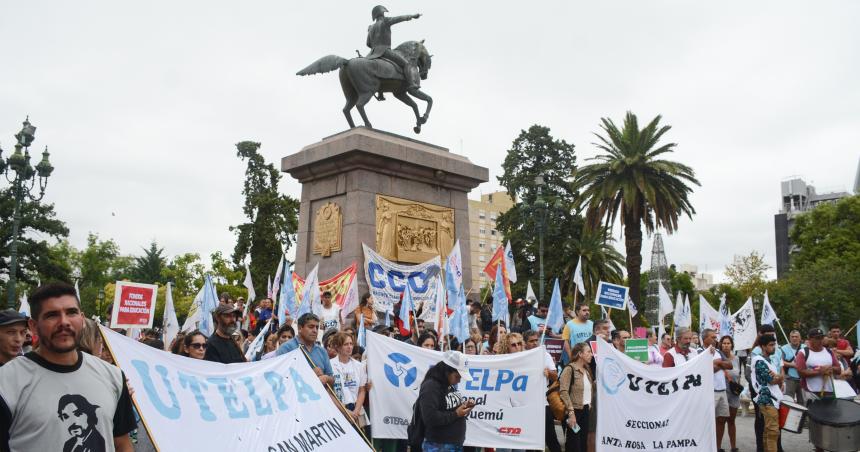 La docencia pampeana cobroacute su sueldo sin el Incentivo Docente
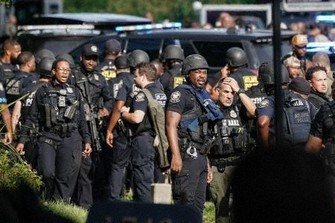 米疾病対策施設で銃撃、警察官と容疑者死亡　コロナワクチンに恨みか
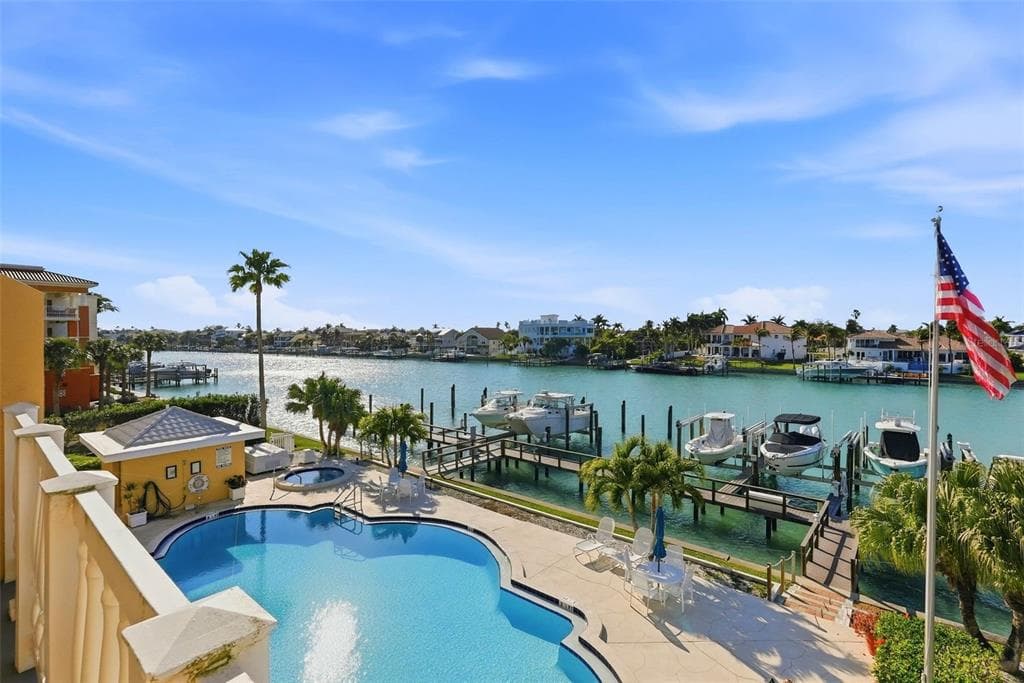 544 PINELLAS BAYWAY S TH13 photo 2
* * *
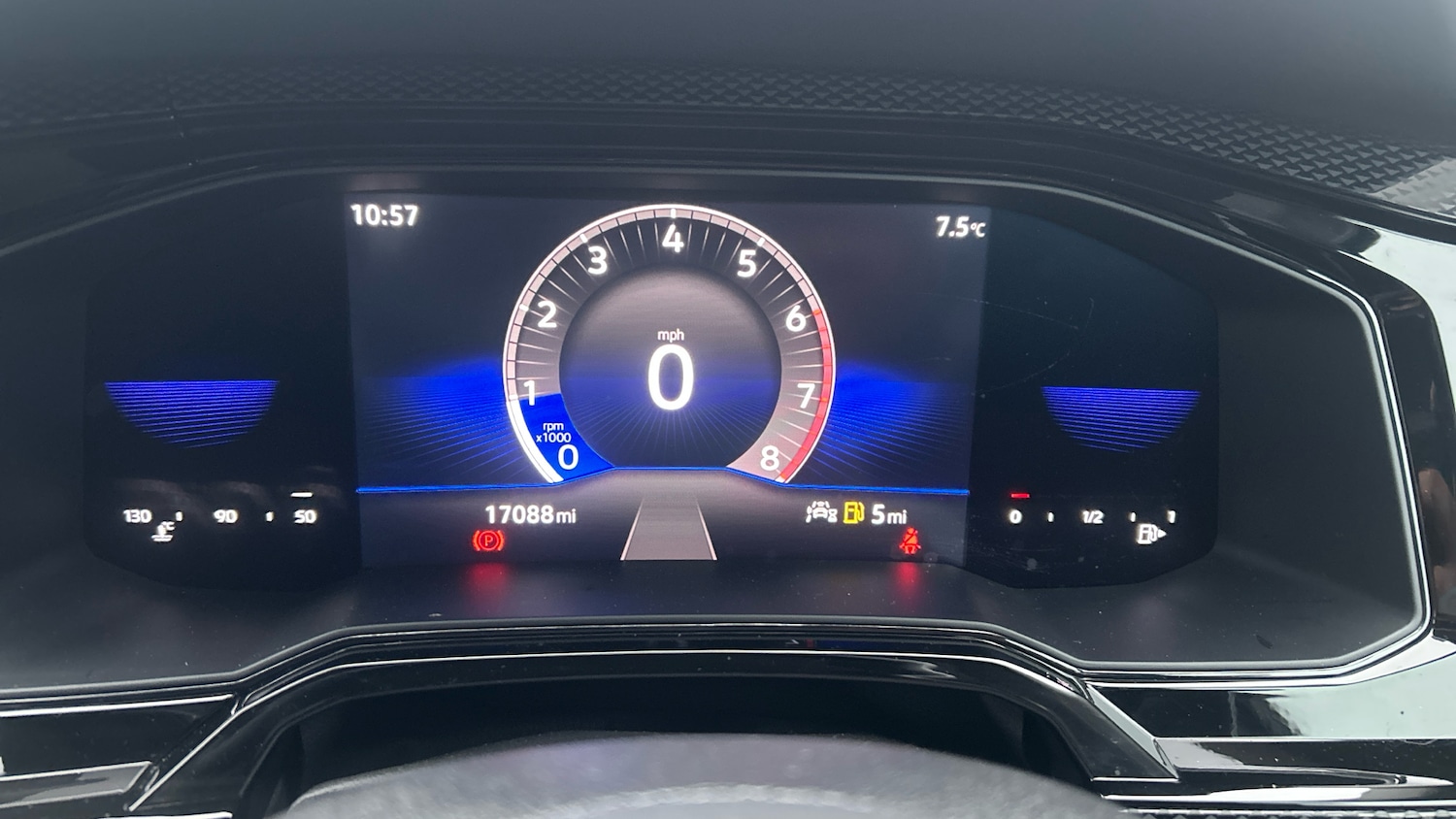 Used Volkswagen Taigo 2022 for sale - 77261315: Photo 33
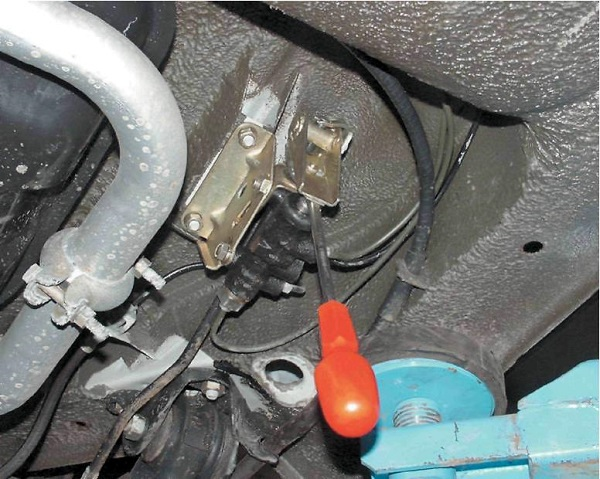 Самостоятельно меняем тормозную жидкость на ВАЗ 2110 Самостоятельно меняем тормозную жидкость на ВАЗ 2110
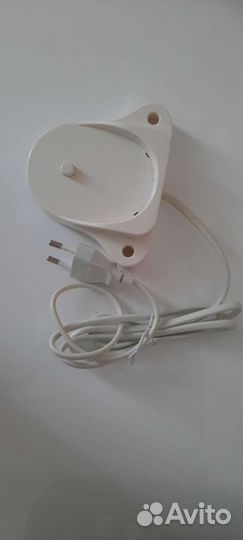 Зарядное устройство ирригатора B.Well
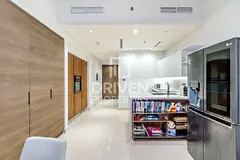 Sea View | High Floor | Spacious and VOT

### What to work on
Text only, no pictures: please print exactly the lines above from the line with "Зарядное устройство ирригатора B.Well" up to and including the line with "Sea View | High Floor | Spacious and VOT", and nothing else.

### Worked solution
 Зарядное устройство ирригатора B.Well
 Sea View | High Floor | Spacious and VOT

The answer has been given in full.